§ SUPPLIED RECORDS:
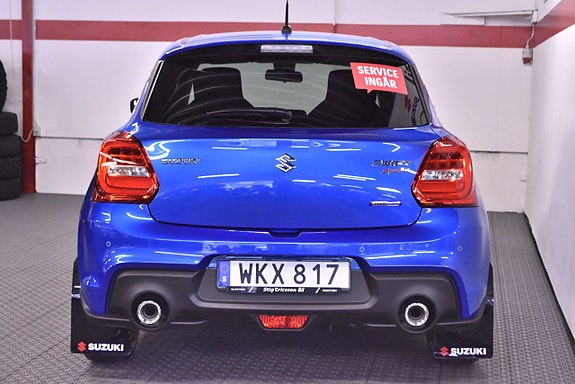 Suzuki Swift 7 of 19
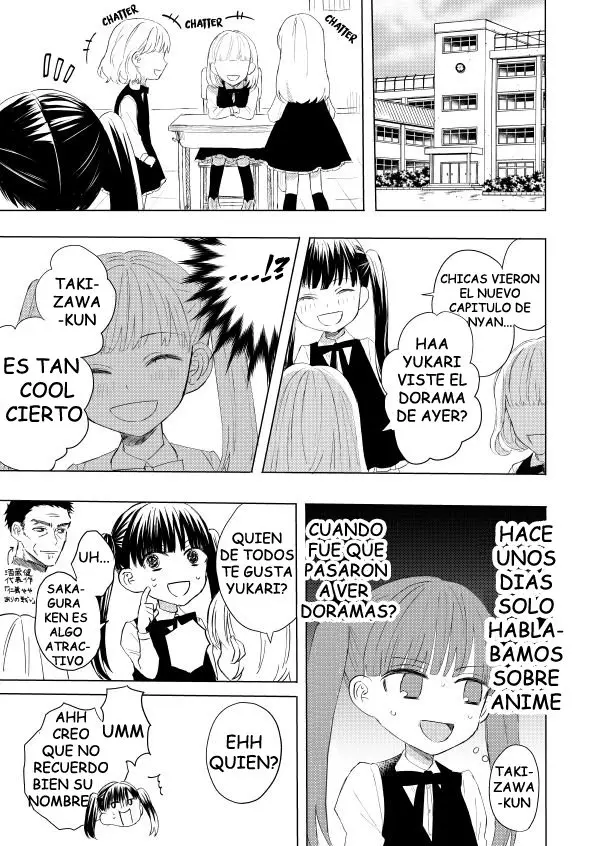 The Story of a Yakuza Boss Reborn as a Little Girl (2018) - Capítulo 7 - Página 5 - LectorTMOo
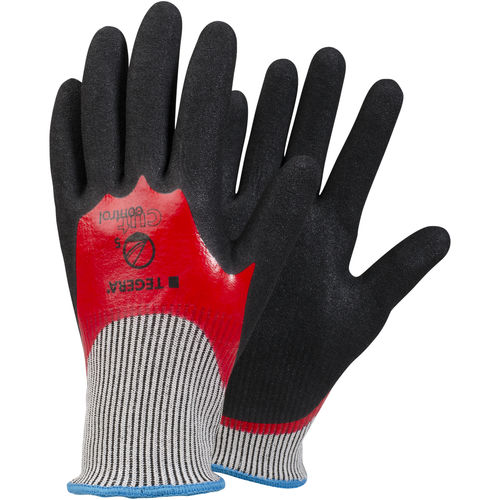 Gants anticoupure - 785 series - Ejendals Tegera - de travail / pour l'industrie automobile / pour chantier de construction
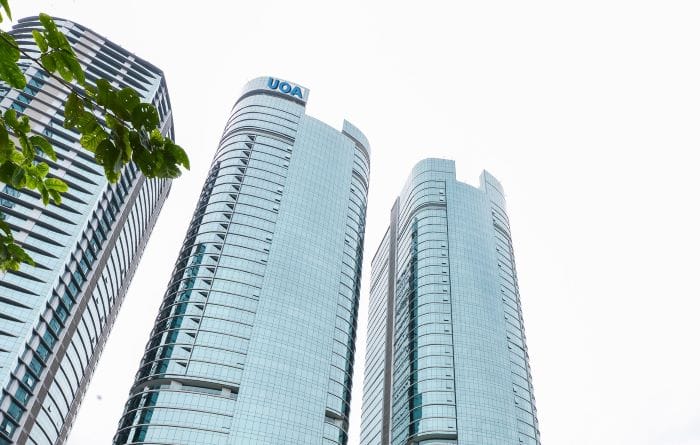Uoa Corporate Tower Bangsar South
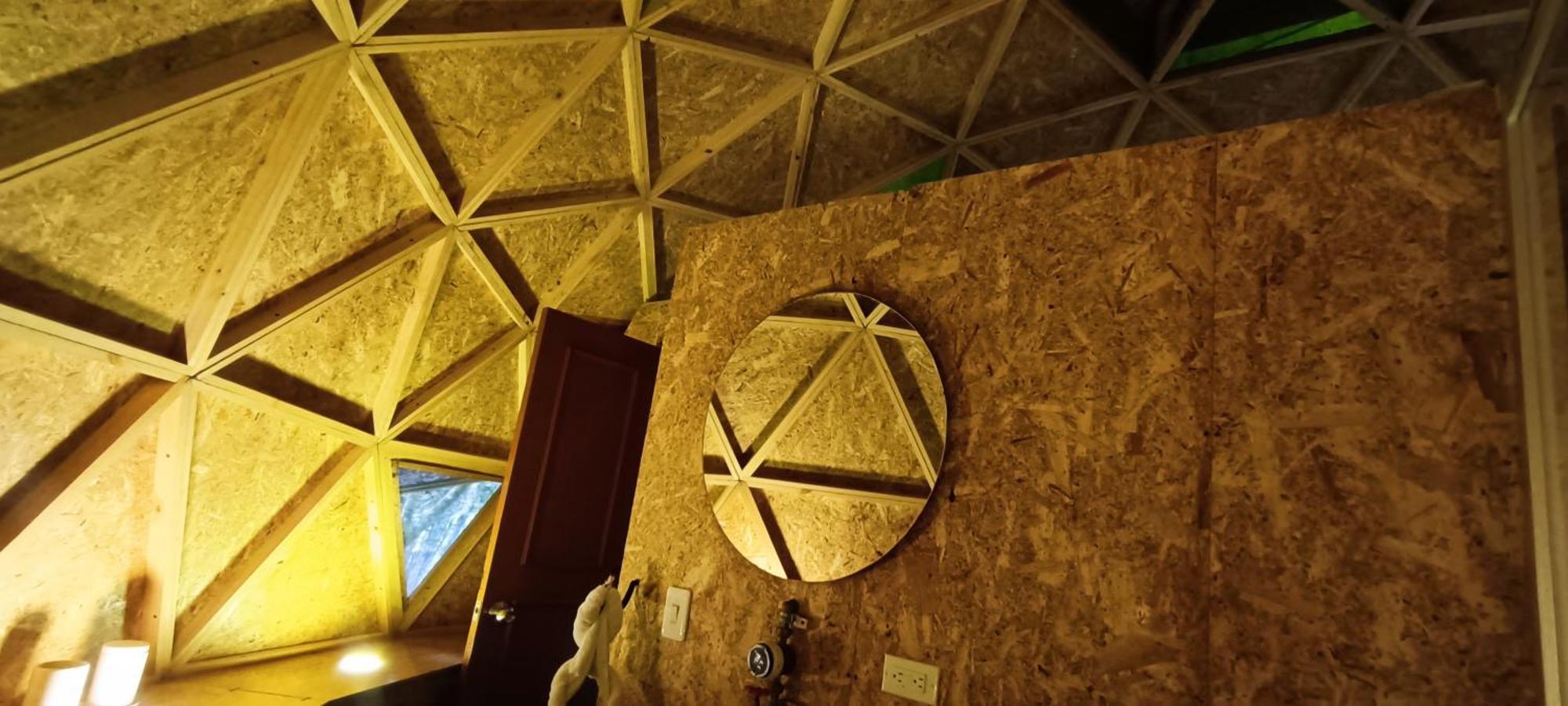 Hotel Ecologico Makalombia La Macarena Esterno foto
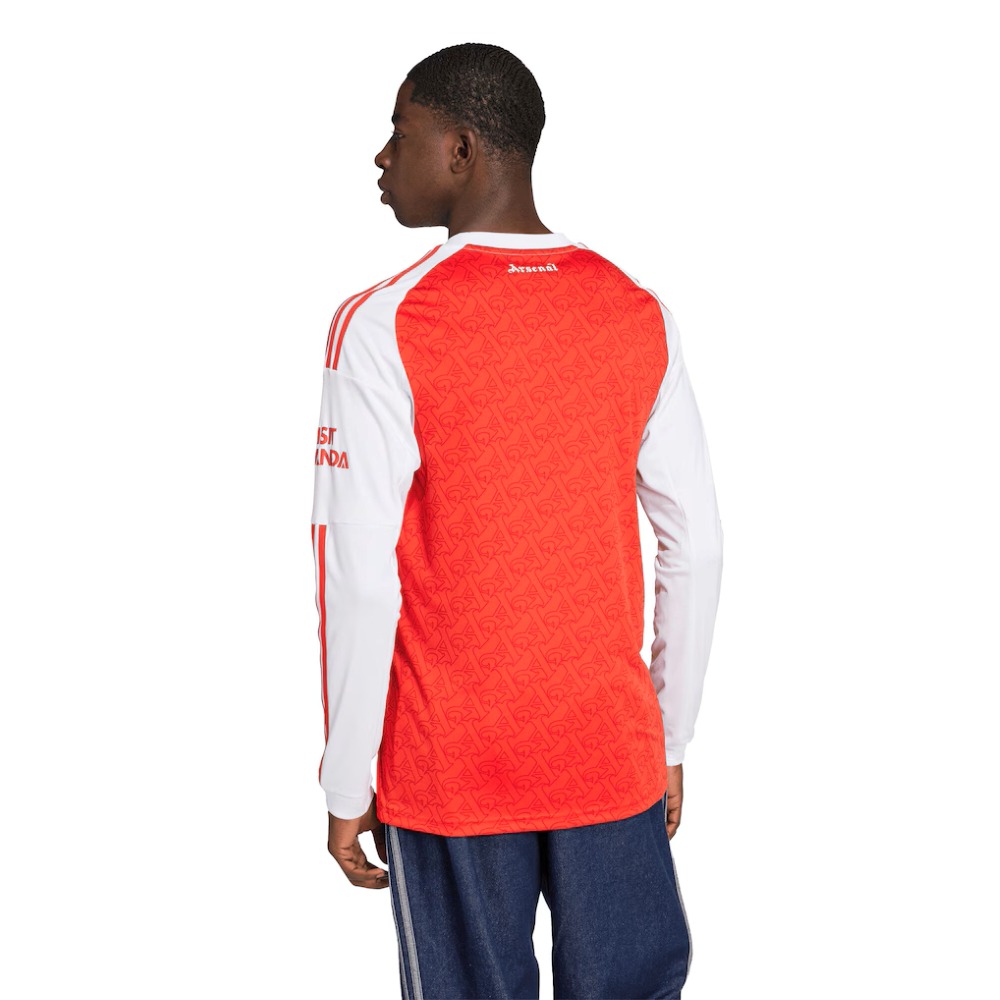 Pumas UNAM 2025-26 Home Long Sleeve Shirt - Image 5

§ TASK BRIEF: Return exactly the lines from the one with "Hotel Ecologico Makalombia" through the last line of the entries above, both ends included. No pictures may appear in the copy.

§ WORKED SOLUTION:
 Hotel Ecologico Makalombia La Macarena Esterno foto
 Pumas UNAM 2025-26 Home Long Sleeve Shirt - Image 5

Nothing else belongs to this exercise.